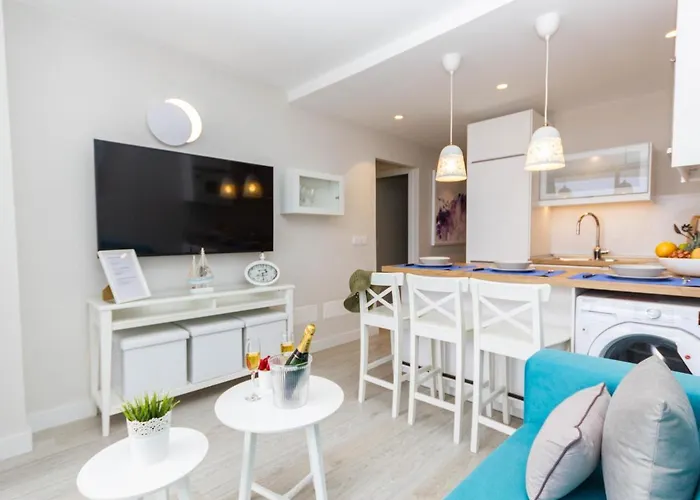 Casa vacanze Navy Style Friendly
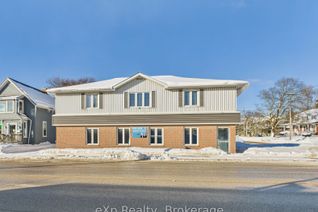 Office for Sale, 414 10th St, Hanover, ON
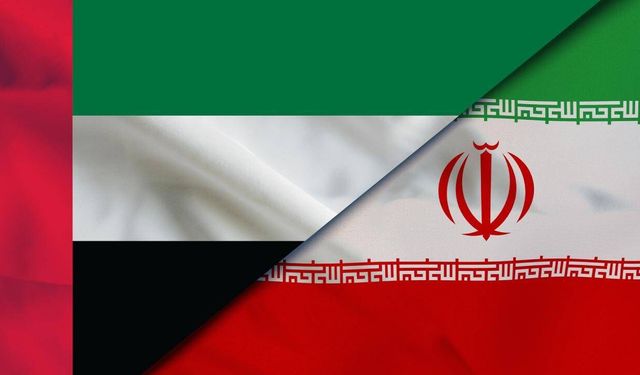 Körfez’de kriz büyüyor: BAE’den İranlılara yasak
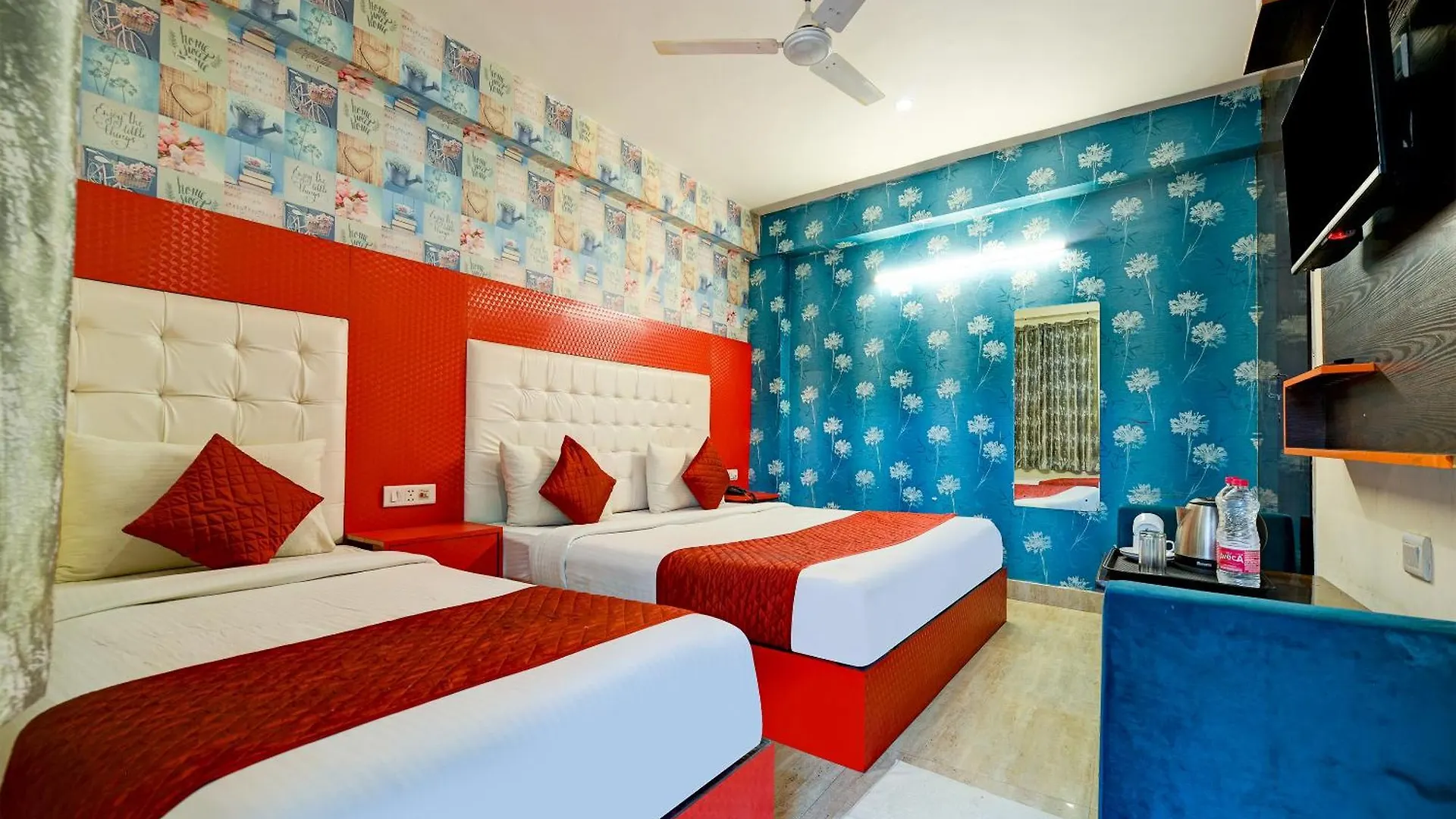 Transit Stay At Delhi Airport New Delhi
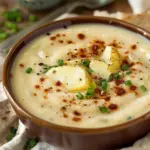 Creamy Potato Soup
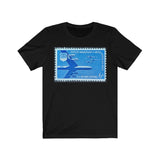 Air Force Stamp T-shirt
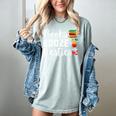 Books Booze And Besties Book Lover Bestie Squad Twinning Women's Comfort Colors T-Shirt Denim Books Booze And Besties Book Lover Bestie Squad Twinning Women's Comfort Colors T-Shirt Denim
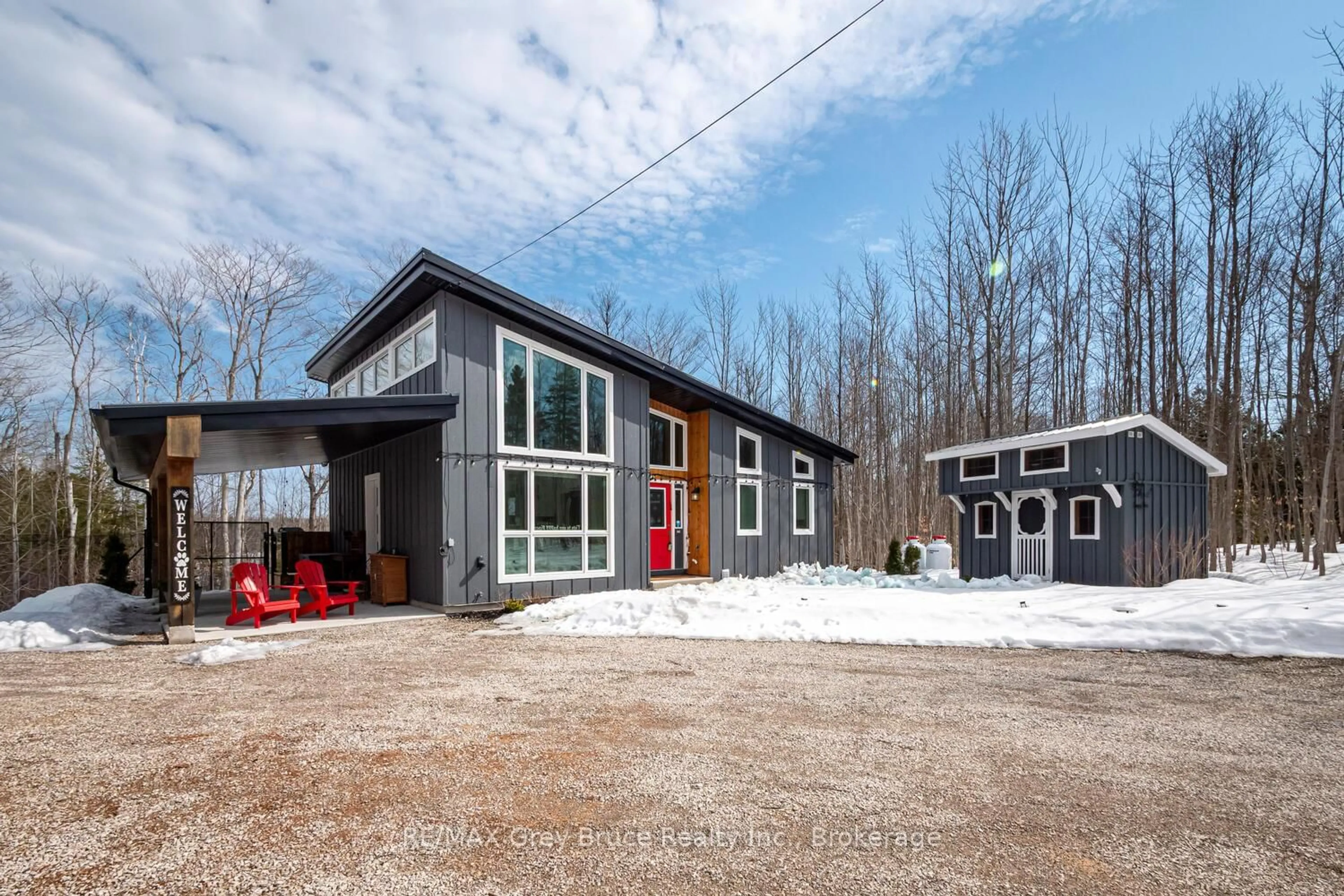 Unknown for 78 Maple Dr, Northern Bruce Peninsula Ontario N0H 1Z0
--
» **Problem to solve**: Pictures stay out. Copy exactly, and only, the lines from the one containing "Air Force Stamp T-shirt" through the end of the data.

» **Response**:
 Air Force Stamp T-shirt
 Books Booze And Besties Book Lover Bestie Squad Twinning Women's Comfort Colors T-Shirt Denim Books Booze And Besties Book Lover Bestie Squad Twinning Women's Comfort Colors T-Shirt Denim
 Unknown for 78 Maple Dr, Northern Bruce Peninsula Ontario N0H 1Z0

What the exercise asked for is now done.